Friday, October 05, 2007

Infantalisation


Fr Tim has a story about of teenage girls whose religious musical tastes had been reduced to a choice between "Colours of Day" and "Bind us together", a friend of mine tells of a young man, just about to get married, who when ask to make an act of contrition started to SING! "I am sorry Jesus ...." some song some nun had taught him when he had made his first communion, and had probably stopped him going ever since!

I really feel strongly about infantalising religion, whether it is by trivialising or saccharinising the faith. Confusing angels, for example, with fairies, or picturing them in pink nighties, or effemising, or mixing up the Christmas story with secular myths (I am not suggesting we go around telling people Father Christmas doesn't exist, but lets play it up), does children, and ultimately adults no favours.
I have a friend who avoids the phrase "bible story" for the same reason, because story is associated with something untrue or made up in children's minds.
We have got to remember that the passing on the faith is ultimately about Salvation, and as our catechesis of adults is even worst than that of children, it is actually about preparing children for death and Eternal Life!

6 comments:

Et Expecto said...

Father, you make a very good point.

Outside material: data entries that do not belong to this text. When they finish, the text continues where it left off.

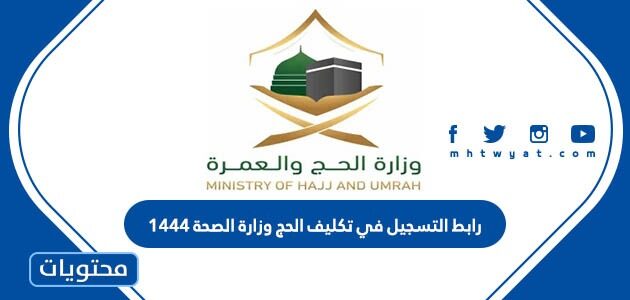 رابط التسجيل في تكليف الحج وزارة الصحة 1447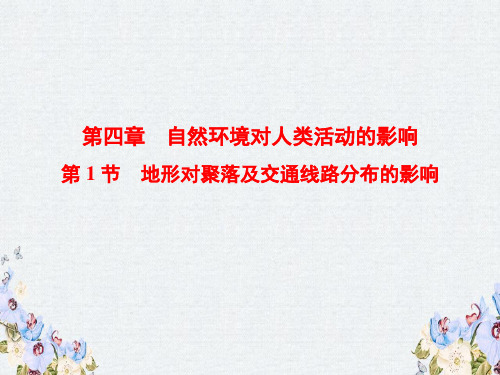 通用版2019版高考地理一轮复习第4章自然环境对人类活动的影响第1节地形对聚落及交通线路分布的影响课件湘教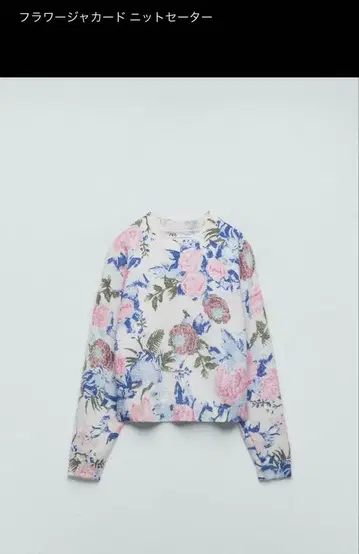 ZARA 플라워 자카드 니트 스웨터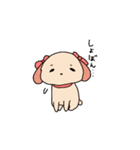 気まぐれなわんこ（個別スタンプ：8）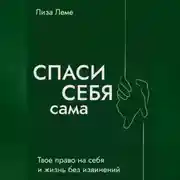 Постер книги Спаси себя сама.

I suppose that infantalising is a variant on dumbing down, and that is ubiquitous in the church, in schools and in the world generally.

I went to a museum recently and found everything so dumbed down that I wished that I had not bothered to pay the admission fee.

biretta wearer said...

And there was I, thinking that it was all about 'building community'!

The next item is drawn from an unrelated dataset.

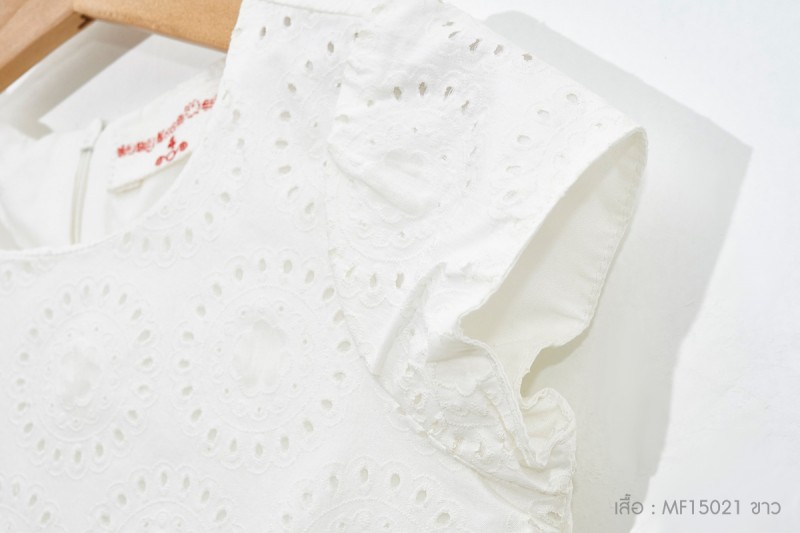 เสื้อลูกไม้เด็กหญิง 4 ถึง 14 ปี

I took a closer look at a sacramental preparation scheme for children. The catechsists' guide suggested that they shouldn't use words such as 'sacrifice' 'sin' and 'hell'.
We don't use that scheme.

JARay said...

There have always been those who have told us never to dumb down our speech to babies. Saying things like "Cootzie, cootzie coo" when tickling a baby under its chin is more than silly. The child learns to talk when real speech is addressed to it. The sooner the Faith is given to children, the better it is for them. They don't have to understand everything. Understanding comes with maturation. But the basic framework needs to be given from an early age.

JARay

Lee Gilbert said...

When my son went into first grade (here in the States that is at age six), I took a look at the religious education curriculum of the parochial school to which we were sending him. In reaction, we began to work with the Balitmore Catechism every night for about fifteen minutes.

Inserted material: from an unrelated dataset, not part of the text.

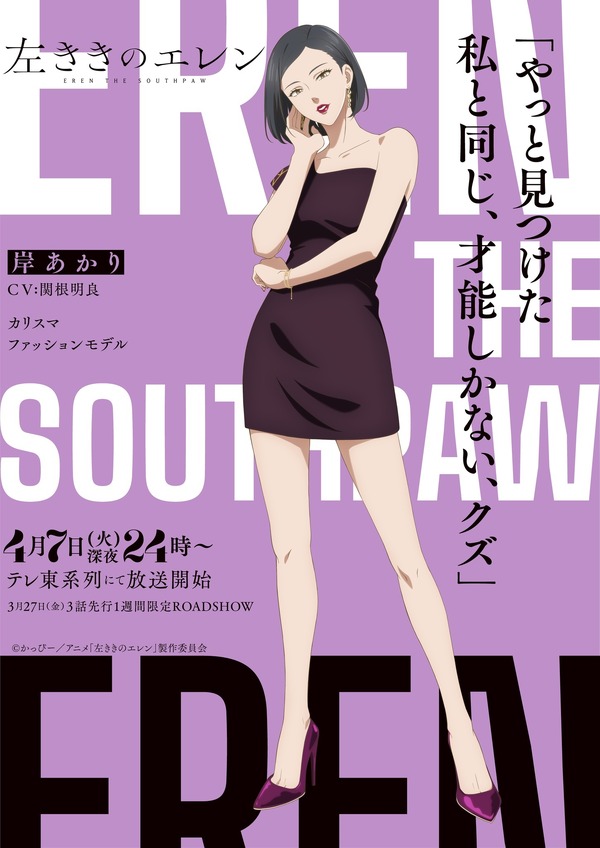 『左ききのエレン』キャラクタービジュアル 岸あかり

I had had the good fortune to read Dorothy Sayer's essay, "The Lost Tools of Learning," in which she suggests that the time for memory work with children is when they are very young, so I did not feel as if were engaged in some kind of psychological child abuse. Believe it or not, the kids really ate it up.


By the time my son came to his First Holy Communion at age seven, I remember specifically (this was twenty years ago) that he knew 27 questions and answers about the Mass as a Sacrifice...and much more besides. The incredible thing to me was to discover that so did his four year old sister, Stephanie. Going *into* First Grade she knew all that her older brother did and much, much more, for we had continued to work with them. She knew her basic prayers in English and Latin, the 36 line version of the Shield of St. Patrick etc, etc.

My point here is not how brilliant my kids are, but that most of our Catholic children are being robbed blind. They are capable of much, much more, not only of knowing more but of being more.

It is very easy to kindle the love of learning and the love of God in the hearts of very small children. We read the lives of saints to them, too, and did not read down to them. Many times we read full length, adult level lives- often interspersed with the question, "What does that mean." For example, around the ages of ten and twelve we read them The Cure of Ars by Trochu (here let it be noted that the basis of all this was that we did not have a TV)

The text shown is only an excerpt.